Brief
Using the material that follows, identify and copy each line with the string "Skirt".

[Dataset — start]

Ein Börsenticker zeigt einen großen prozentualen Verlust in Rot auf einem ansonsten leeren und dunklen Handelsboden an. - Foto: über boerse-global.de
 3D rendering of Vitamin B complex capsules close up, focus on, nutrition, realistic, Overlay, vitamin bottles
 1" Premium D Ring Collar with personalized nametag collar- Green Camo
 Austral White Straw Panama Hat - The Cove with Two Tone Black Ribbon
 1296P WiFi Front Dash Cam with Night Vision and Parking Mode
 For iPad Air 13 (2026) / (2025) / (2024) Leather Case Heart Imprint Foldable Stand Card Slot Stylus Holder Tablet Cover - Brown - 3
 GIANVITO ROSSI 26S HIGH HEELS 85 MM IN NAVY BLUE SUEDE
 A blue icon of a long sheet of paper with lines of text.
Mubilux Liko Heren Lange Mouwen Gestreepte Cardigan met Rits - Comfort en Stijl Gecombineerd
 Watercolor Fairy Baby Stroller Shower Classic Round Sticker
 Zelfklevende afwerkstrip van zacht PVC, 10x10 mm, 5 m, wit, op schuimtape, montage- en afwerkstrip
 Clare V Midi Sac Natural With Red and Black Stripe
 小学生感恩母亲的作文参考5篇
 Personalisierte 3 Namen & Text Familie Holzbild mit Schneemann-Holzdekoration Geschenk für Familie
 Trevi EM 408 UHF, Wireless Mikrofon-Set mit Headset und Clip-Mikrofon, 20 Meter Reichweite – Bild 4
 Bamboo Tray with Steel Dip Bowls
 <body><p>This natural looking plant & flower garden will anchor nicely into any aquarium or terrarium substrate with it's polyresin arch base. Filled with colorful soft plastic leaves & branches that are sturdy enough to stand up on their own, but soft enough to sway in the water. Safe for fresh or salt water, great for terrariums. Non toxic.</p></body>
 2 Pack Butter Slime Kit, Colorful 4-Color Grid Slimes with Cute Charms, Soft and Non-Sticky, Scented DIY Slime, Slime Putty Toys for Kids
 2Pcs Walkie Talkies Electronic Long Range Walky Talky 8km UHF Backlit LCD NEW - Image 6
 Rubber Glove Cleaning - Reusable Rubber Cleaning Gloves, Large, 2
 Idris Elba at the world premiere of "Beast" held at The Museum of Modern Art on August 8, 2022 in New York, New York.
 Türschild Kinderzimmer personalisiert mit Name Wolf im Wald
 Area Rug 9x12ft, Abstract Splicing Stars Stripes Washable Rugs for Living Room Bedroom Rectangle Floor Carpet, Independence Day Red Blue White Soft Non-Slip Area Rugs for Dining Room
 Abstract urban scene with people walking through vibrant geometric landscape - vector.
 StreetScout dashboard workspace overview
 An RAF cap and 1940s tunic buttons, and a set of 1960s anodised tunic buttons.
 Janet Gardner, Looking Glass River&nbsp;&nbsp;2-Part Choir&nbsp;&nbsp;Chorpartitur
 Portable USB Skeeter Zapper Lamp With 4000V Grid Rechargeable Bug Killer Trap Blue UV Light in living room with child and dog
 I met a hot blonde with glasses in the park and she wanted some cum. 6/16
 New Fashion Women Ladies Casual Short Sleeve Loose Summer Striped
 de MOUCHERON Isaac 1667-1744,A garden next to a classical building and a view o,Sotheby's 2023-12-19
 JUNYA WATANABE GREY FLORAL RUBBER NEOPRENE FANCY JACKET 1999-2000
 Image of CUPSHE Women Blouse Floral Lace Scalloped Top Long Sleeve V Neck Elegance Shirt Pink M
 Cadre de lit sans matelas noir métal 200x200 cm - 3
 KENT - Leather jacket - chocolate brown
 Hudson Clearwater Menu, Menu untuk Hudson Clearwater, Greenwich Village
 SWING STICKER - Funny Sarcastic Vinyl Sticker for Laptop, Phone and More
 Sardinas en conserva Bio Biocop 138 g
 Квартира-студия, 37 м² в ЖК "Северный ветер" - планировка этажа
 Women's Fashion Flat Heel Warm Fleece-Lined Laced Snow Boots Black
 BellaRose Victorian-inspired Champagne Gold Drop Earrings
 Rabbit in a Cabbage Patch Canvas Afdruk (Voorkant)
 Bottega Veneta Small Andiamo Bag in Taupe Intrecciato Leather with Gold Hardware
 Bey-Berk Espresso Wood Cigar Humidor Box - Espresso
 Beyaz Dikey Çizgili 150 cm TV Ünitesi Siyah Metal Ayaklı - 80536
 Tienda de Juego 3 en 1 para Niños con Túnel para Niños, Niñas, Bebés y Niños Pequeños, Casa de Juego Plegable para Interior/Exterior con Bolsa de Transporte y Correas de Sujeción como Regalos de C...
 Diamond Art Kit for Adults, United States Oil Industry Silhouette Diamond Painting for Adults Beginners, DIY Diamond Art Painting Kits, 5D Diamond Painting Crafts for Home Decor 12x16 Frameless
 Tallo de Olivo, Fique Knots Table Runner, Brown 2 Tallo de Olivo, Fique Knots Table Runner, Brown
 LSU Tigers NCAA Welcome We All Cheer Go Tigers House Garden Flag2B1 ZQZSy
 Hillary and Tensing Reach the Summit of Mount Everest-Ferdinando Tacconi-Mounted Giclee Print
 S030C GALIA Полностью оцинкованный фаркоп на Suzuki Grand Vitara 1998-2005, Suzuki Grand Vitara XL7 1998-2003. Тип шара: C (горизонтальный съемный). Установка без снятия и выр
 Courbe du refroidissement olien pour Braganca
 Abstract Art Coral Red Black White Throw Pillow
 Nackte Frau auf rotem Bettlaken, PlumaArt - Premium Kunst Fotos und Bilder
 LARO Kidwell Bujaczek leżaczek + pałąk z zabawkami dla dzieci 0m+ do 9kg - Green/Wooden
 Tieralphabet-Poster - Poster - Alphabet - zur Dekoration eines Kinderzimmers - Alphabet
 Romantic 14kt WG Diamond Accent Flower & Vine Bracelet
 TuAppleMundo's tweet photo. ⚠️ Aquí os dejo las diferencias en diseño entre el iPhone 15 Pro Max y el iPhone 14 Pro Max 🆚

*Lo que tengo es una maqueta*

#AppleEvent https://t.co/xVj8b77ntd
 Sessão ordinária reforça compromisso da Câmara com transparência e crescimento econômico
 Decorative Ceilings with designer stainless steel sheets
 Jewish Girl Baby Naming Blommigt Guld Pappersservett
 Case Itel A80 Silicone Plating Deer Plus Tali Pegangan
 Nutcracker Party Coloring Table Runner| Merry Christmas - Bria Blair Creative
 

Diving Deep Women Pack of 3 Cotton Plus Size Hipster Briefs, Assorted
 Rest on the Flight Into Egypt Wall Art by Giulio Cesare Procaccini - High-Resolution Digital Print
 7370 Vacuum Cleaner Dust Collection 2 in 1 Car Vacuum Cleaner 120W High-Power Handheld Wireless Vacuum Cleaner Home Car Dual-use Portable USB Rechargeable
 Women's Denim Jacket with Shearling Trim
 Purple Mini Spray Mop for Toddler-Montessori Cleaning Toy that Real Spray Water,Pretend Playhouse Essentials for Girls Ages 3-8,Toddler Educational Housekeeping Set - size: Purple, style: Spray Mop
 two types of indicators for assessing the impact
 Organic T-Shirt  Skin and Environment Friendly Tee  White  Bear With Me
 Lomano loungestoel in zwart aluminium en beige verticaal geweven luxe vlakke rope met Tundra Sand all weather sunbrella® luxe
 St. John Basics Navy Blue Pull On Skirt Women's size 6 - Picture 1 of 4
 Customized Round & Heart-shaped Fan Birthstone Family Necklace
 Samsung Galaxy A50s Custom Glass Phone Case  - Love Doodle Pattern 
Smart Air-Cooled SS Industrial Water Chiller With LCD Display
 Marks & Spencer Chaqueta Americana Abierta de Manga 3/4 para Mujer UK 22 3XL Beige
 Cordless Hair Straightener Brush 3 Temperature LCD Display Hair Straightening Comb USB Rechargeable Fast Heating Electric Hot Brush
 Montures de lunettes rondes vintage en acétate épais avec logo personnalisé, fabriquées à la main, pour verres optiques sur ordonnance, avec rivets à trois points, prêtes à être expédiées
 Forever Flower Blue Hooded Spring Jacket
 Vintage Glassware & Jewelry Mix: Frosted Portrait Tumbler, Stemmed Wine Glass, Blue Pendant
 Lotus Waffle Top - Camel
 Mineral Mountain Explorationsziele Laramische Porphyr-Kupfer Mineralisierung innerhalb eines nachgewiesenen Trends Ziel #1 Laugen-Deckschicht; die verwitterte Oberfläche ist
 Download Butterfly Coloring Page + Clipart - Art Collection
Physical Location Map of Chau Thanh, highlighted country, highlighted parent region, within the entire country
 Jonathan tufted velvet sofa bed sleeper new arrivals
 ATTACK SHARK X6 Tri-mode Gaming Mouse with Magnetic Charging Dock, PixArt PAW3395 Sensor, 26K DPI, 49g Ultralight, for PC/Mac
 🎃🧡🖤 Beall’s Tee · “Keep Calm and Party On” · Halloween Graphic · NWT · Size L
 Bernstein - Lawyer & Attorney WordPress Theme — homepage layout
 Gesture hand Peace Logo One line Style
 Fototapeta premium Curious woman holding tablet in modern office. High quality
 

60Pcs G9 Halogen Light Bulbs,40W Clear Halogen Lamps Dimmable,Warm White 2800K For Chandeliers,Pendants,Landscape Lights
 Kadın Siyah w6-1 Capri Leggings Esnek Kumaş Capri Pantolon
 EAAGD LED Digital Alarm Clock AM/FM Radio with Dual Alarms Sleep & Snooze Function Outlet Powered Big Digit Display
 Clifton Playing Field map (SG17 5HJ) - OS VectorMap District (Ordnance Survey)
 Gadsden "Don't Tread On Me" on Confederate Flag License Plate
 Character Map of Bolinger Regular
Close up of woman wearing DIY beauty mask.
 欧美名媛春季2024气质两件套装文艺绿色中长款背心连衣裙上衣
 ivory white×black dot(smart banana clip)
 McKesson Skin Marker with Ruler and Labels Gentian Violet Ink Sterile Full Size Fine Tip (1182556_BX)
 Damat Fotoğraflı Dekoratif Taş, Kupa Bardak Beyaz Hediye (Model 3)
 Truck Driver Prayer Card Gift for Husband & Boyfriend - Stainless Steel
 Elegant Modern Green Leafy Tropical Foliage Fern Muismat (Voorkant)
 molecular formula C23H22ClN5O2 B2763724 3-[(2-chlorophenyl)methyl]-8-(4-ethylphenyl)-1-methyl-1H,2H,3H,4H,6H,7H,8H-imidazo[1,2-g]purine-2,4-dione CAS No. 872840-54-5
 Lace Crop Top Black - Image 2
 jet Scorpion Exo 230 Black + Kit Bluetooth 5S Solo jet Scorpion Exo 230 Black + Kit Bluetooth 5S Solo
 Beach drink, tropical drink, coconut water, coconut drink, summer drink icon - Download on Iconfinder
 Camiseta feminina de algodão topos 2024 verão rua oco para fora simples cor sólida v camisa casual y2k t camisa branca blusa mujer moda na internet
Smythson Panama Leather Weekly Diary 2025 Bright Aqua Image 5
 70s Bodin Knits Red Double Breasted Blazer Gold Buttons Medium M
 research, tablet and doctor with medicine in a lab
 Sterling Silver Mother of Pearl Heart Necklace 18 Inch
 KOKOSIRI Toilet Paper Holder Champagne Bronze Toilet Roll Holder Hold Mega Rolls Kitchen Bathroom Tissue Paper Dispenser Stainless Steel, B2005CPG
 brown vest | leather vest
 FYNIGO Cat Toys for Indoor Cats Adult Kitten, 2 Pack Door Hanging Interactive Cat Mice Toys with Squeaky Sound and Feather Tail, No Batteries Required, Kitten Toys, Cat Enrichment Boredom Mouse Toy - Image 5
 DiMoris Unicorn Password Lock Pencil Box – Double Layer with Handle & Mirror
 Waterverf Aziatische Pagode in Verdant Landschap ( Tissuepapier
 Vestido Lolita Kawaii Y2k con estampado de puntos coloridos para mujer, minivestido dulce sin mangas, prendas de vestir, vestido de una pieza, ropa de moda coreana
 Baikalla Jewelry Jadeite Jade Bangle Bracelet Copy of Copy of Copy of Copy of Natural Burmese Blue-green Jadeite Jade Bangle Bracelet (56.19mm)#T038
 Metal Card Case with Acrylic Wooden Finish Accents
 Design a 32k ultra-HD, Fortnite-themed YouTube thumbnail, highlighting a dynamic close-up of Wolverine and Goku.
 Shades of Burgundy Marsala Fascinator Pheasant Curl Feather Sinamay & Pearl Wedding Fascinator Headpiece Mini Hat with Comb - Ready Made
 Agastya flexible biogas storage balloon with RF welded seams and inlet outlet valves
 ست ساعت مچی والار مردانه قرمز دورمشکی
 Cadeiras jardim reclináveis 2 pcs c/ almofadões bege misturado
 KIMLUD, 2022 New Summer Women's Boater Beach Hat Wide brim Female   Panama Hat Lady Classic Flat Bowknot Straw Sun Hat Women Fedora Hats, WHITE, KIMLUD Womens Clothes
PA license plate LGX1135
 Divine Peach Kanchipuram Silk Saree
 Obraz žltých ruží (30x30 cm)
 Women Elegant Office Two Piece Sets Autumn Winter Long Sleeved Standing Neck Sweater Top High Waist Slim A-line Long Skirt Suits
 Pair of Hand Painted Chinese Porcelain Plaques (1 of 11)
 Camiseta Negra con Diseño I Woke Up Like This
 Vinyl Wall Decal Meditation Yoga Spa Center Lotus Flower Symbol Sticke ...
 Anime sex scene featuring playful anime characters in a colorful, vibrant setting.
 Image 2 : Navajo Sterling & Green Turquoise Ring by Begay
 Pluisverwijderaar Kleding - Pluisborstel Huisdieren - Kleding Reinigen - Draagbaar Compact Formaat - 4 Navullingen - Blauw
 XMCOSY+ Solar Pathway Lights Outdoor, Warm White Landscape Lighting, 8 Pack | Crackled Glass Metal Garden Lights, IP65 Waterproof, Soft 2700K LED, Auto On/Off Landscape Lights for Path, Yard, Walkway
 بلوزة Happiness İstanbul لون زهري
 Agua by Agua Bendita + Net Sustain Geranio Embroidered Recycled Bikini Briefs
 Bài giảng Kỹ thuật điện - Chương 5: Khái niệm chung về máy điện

[Dataset — finish]

Completed exercise
 St. John Basics Navy Blue Pull On Skirt Women's size 6 - Picture 1 of 4
 Women Elegant Office Two Piece Sets Autumn Winter Long Sleeved Standing Neck Sweater Top High Waist Slim A-line Long Skirt Suits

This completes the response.